◆ Exercise
Print every record below exactly as it stands, but leave out the pictures.

Data extracted from a collection:

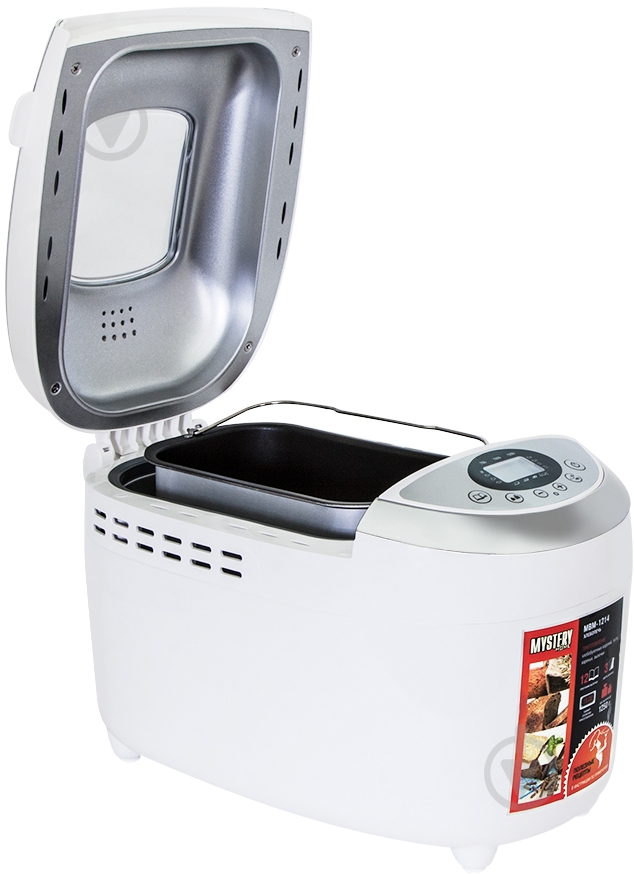 Хлебопечка Mystery MBM-1214 - фото 3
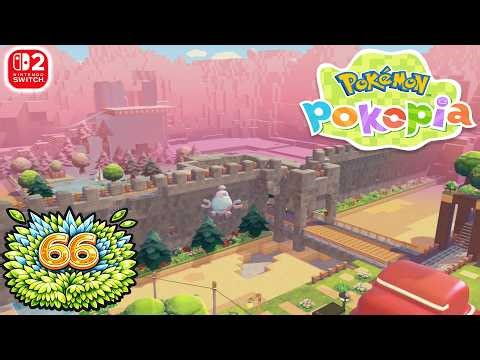 POKEMON POKOPIA ! EP.66 ( LET'S PLAY FR ) 🌳 PREPARATION DU TERRAIN DE CONSTRUCTION !!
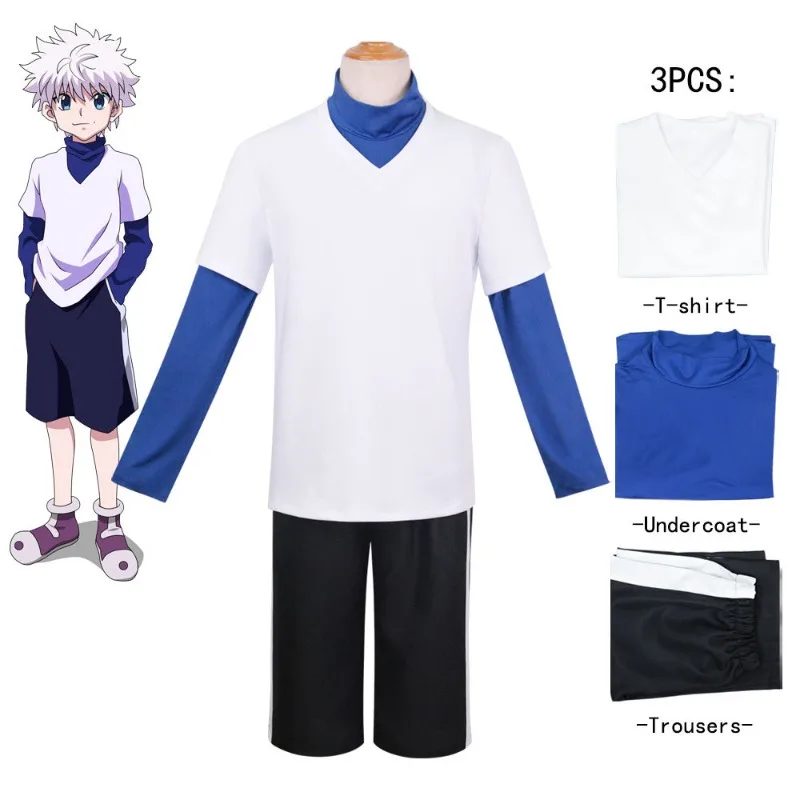 Anime Hunter X Hunter Killua Z – Men Accessories Korea Bewertung und Preis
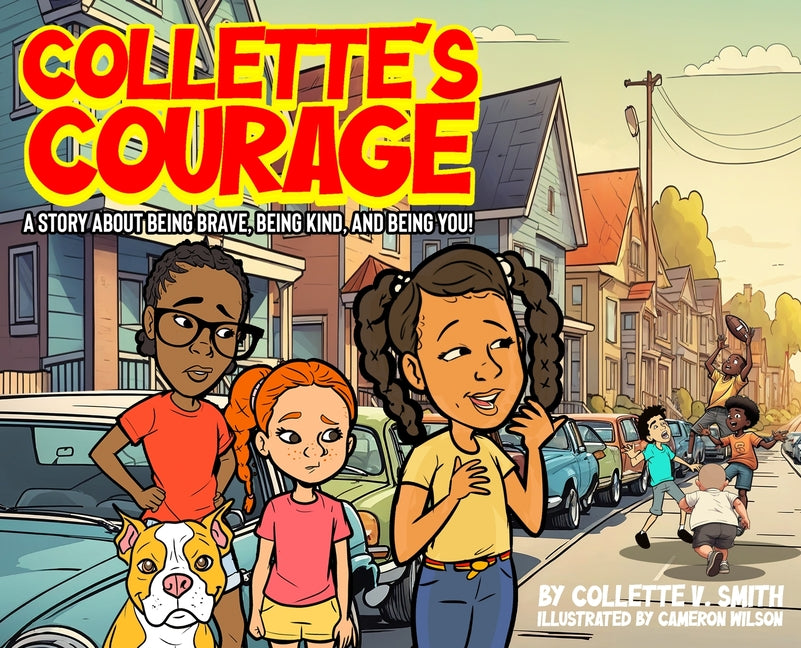 Book cover for Collette's Courage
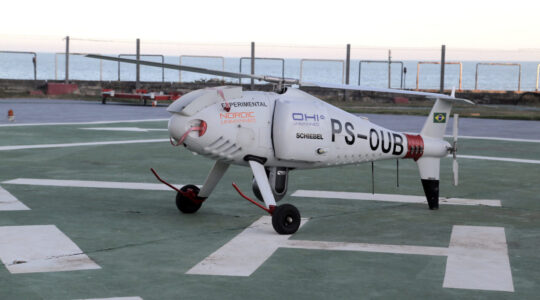 drone petrobras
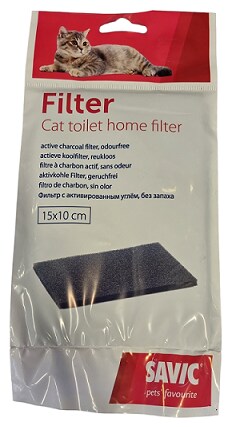 Kolfilter till Savic Nestor 15x10cm 1-p - 2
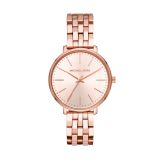 Pyper 38mm, Rose Dial, Quartz Movement, Stainless Steel & Rose Gold PVD Watch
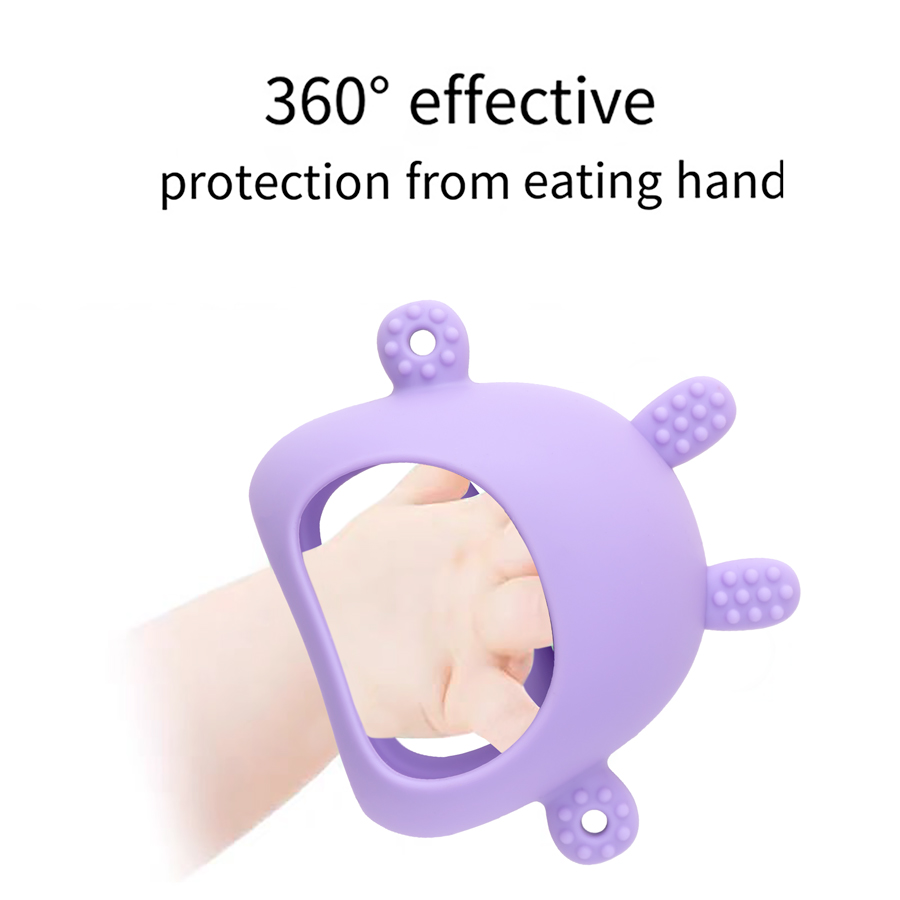 Color Kids Silicone Teether To - Teething Mitten Baby recensie en prijs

◆ Answer for the task
 Хлебопечка Mystery MBM-1214 - фото 3
 POKEMON POKOPIA ! EP.66 ( LET'S PLAY FR ) 🌳 PREPARATION DU TERRAIN DE CONSTRUCTION !!
 Anime Hunter X Hunter Killua Z – Men Accessories Korea Bewertung und Preis
 Book cover for Collette's Courage
 drone petrobras
 Kolfilter till Savic Nestor 15x10cm 1-p - 2
 Pyper 38mm, Rose Dial, Quartz Movement, Stainless Steel & Rose Gold PVD Watch
 Color Kids Silicone Teether To - Teething Mitten Baby recensie en prijs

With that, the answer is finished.